**Problem to work on**
Pictures stay out; please output the remaining data exactly.

**Provided material**
• • •

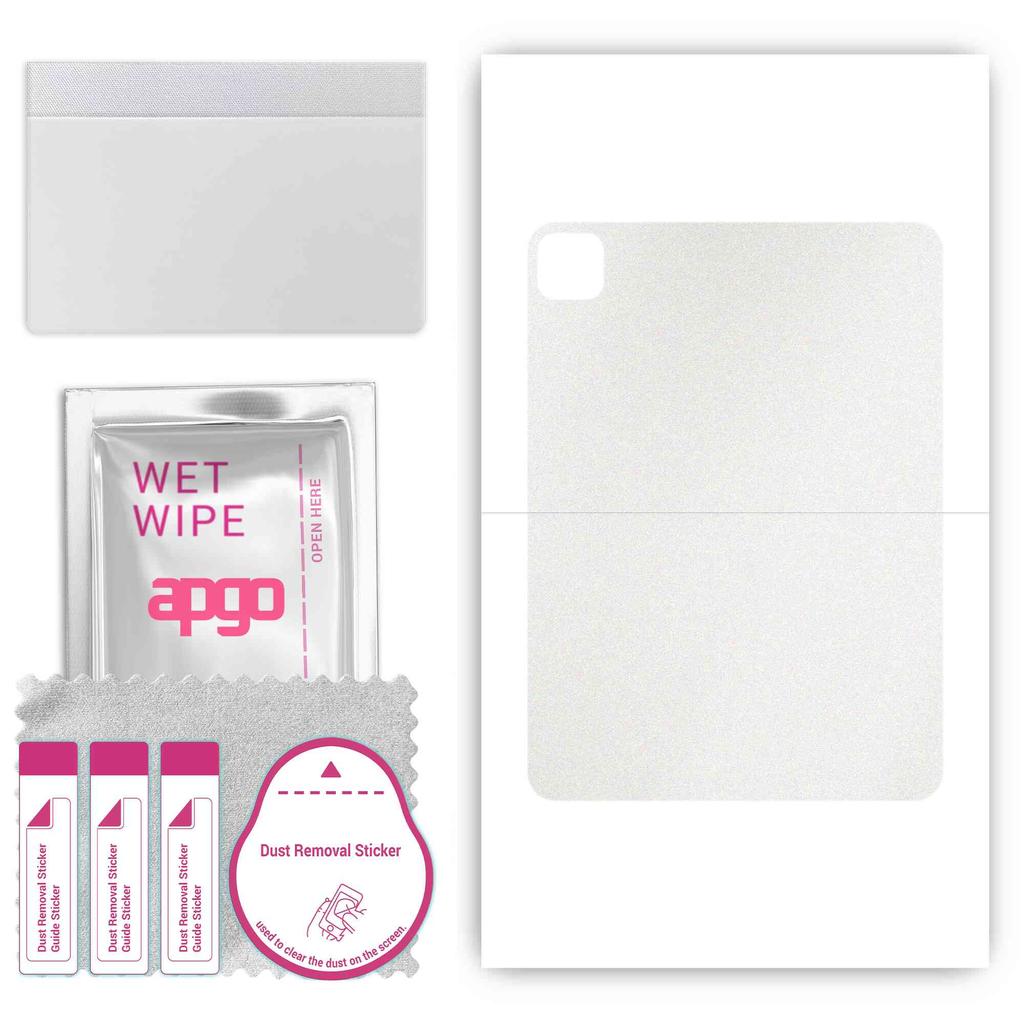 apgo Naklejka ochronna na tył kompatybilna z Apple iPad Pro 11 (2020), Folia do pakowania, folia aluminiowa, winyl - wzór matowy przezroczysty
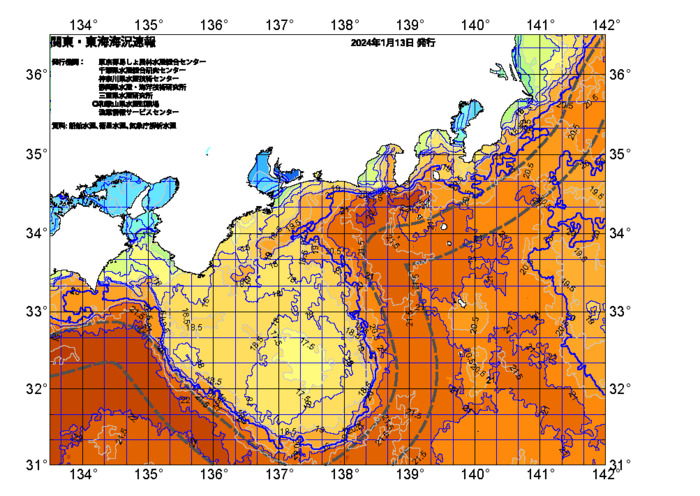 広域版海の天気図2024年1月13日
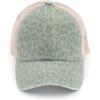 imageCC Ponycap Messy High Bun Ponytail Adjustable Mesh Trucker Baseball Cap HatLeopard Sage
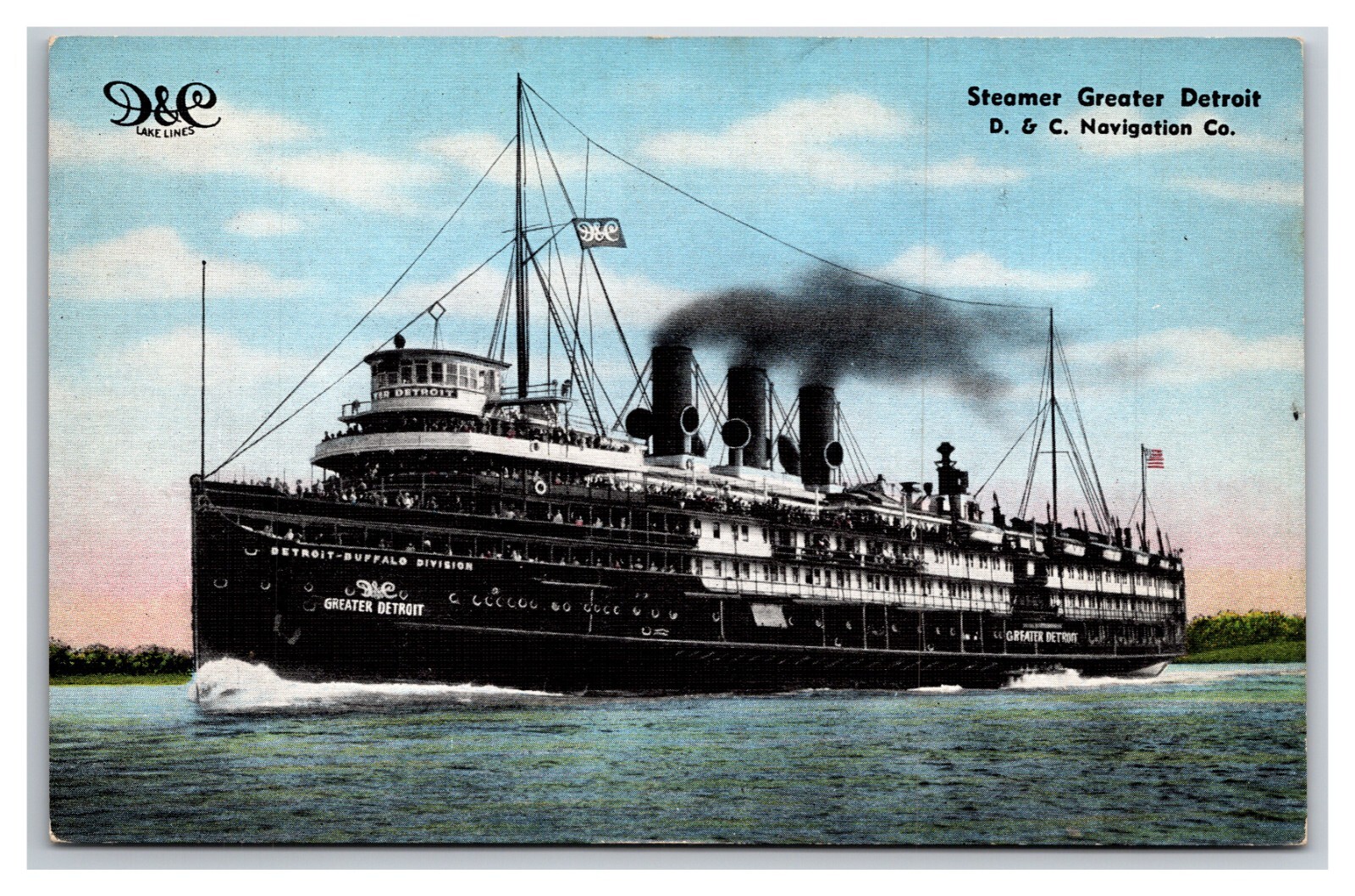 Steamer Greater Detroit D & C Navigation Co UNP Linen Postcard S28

• • •

**Output of the exercise**
 apgo Naklejka ochronna na tył kompatybilna z Apple iPad Pro 11 (2020), Folia do pakowania, folia aluminiowa, winyl - wzór matowy przezroczysty
 広域版海の天気図2024年1月13日
 imageCC Ponycap Messy High Bun Ponytail Adjustable Mesh Trucker Baseball Cap HatLeopard Sage
 Steamer Greater Detroit D & C Navigation Co UNP Linen Postcard S28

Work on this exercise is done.